RECIT – Voilà trois jours que nous avons quitté la toundra vallonnée du Jameson Land pour rejoindre les décors grandioses du fjord Skillebugt, dans la péninsule du Renland. Sous nos pieds, les moraines et ses roches usées, la glace brunie qui craque, et ses crevasses, vertigineuses. Le soleil, lui, s’amuse à disparaître derrière les pointes acérées des montagnes, et se joue de nos frissons ; nous prions alors pour qu’il revienne. D’un côté et de l’autre de notre campement, deux immenses glaciers qui drainent la majeure partie de la calotte du Renland. Le glacier Apusinikajik, dont nous avons déjà exploré les entrailles – un de ses moulins – et le glacier Edward Bailey, encore inconnu. Nous voilà à la confluence de ces deux glaciers : c’est sous nos pieds qu’ils se rencontrent.
Et quelle rencontre ! Après plus de cinq heures de portage, soudain, ce plaisir inattendu de fouler un sol nouveau, qui apaise nos pieds meurtris. Nous marchons sur du sable, cette érosion des montagnes que le glacier Edward Bailey est venu déposer à son aval, et qui s’est accumulée pendant des millénaires, bloquée, comme contrariée par le rival Apusinikajik.

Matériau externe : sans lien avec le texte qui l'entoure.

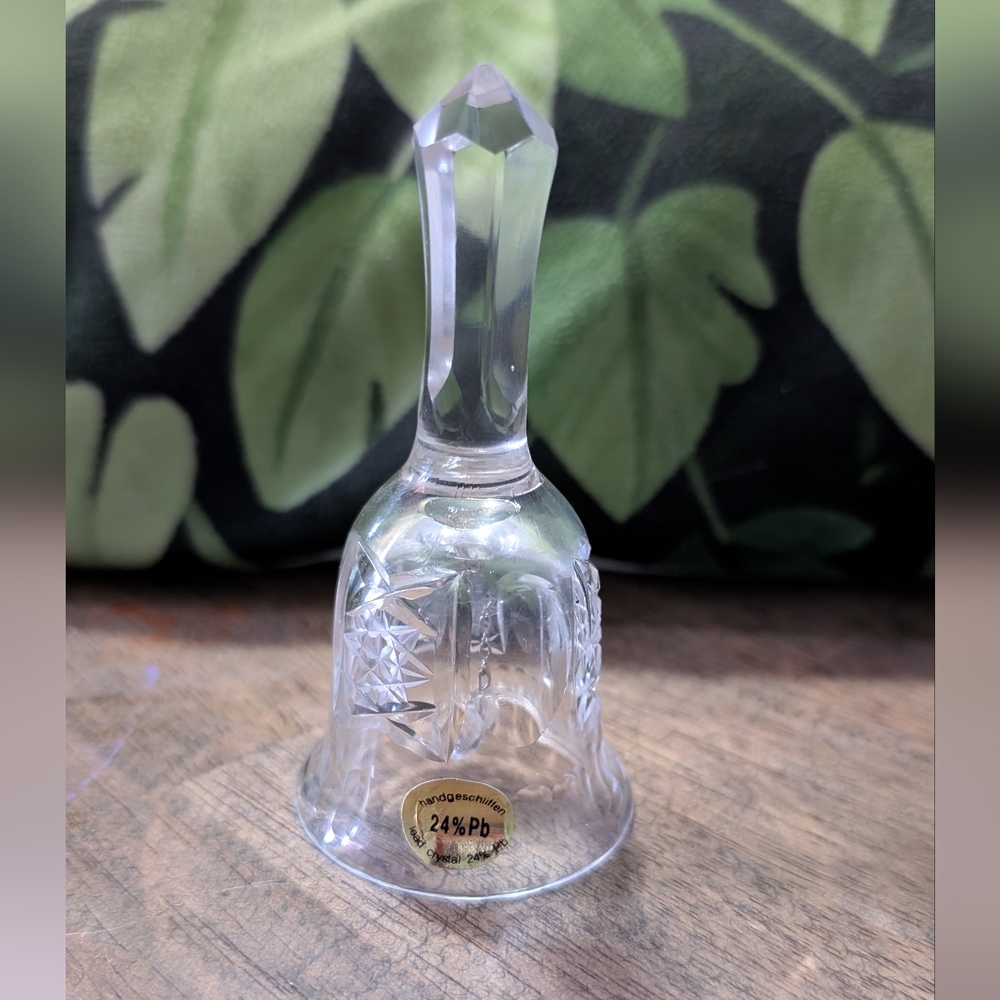 Vintage Crystal Bell with Etched Design *BINJ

Nos espoirs d’un sol confortable prennent vite fin : sa surface semble gelée. Plus encore, le sable rend de l’eau et dans les pentes raides des vallons, la glace affleure. Sous le sable donc, de la glace. Comme lui, la voilà bloquée en aval par Apusinikajik et poussée en amont par Edward Bailey. Il s’agirait peut-être d’un ancien glacier datant de la dernière glaciation, isolé de tout le reste par ces deux géants et qu’une couche de sable empêche de fondre. Un glacier fossilisé, car ancien, et mort, car immobile.

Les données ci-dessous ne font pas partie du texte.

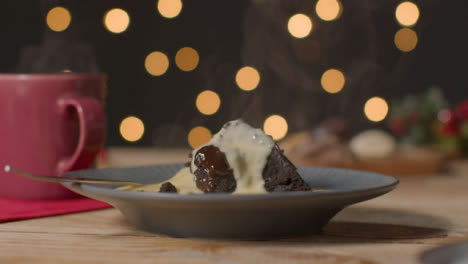 Nahaufnahme-Von-Sahne,-Die-Auf-Schokoladenweihnachtskuchen-Gegossen-Wird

Etrange, quand on sait que la plupart des glaciers sont poussés par leur propre poids vers l’aval ou qu’ils fondent, et que la glace fossilisée, elle, se trouve généralement au fond des calottes polaires en altitude, et en profondeur sous la surface. Or ici, nous sommes proches du niveau de la mer, et cette glace affleure à la surface.
C’est ce mystère que les géophysiciens Eric Larose et Agnès Helmstetter vont tenter de percer aujourd’hui. Les deux scientifiques vont utiliser un géoradar lors d’une traversée de la vallée, pour sonder le sous-sol, sa composition, évaluer l’épaisseur de la glace et dessiner la géométrie de ce glacier potentiel, au destin peu commun.